• [WHAT YOU SHOULD DO]: This exercise calls for the line with "ABED40 really focuses", the line with "Your foot is", and all lines between them in the material below, output exactly and with no other lines.

• [DATA RECORDS]:
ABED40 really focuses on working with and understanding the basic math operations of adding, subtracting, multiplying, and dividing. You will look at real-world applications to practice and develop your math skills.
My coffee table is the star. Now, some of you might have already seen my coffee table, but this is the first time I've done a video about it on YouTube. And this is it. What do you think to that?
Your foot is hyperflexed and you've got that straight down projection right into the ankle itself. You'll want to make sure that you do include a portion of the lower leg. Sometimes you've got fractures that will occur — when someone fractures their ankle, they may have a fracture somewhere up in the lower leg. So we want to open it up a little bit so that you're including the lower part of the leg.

...

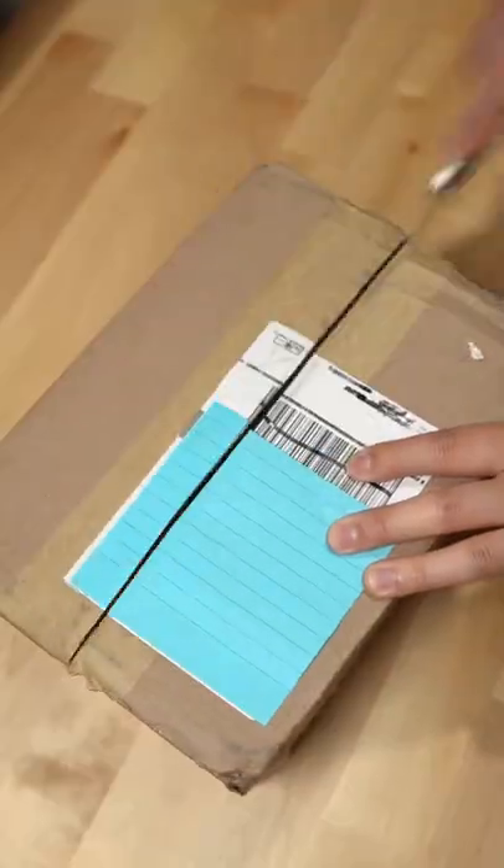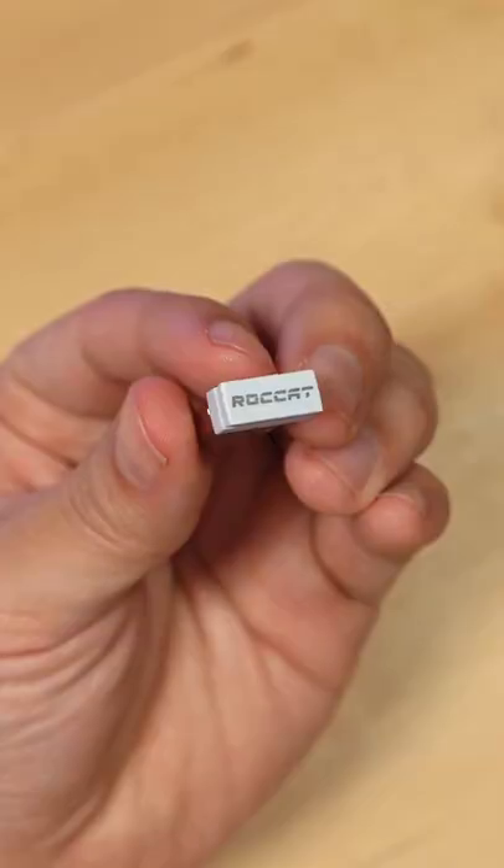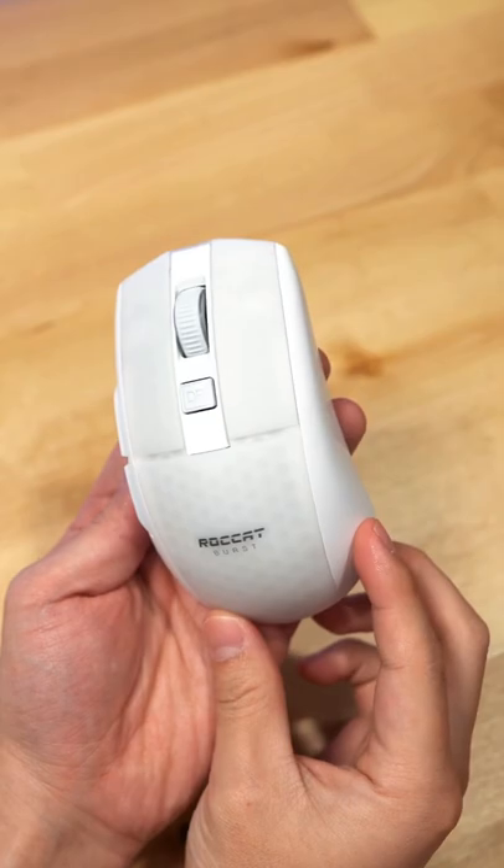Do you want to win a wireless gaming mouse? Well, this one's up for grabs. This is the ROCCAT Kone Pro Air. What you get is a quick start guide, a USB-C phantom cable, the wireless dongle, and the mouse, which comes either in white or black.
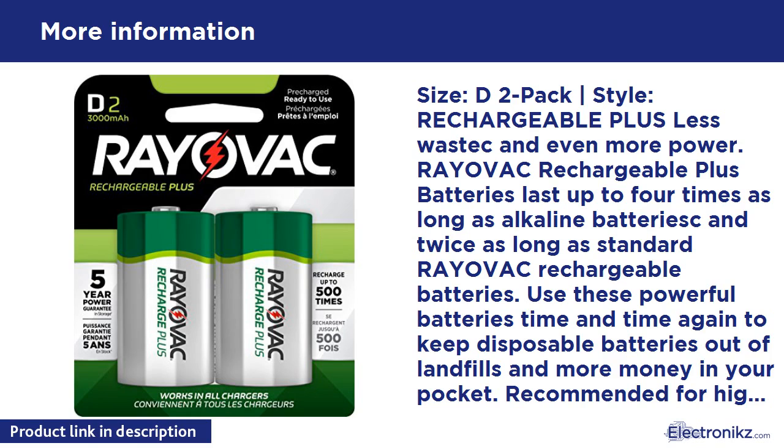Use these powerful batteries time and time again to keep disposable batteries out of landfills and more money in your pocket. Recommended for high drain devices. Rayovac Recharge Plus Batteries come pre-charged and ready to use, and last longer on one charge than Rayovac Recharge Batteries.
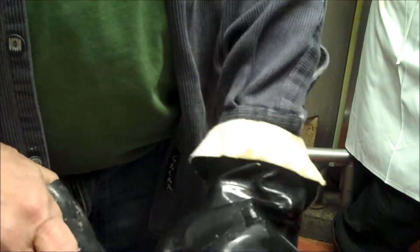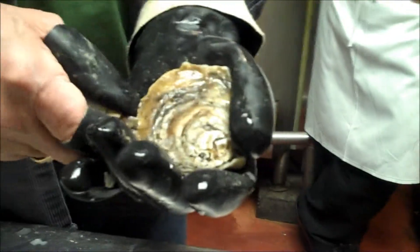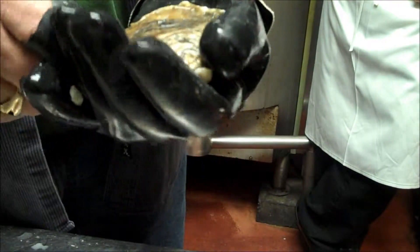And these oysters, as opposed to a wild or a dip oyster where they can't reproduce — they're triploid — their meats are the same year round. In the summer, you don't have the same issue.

• [EXERCISE OUTPUT]:
ABED40 really focuses on working with and understanding the basic math operations of adding, subtracting, multiplying, and dividing. You will look at real-world applications to practice and develop your math skills.
My coffee table is the star. Now, some of you might have already seen my coffee table, but this is the first time I've done a video about it on YouTube. And this is it. What do you think to that?
Your foot is hyperflexed and you've got that straight down projection right into the ankle itself. You'll want to make sure that you do include a portion of the lower leg. Sometimes you've got fractures that will occur — when someone fractures their ankle, they may have a fracture somewhere up in the lower leg. So we want to open it up a little bit so that you're including the lower part of the leg.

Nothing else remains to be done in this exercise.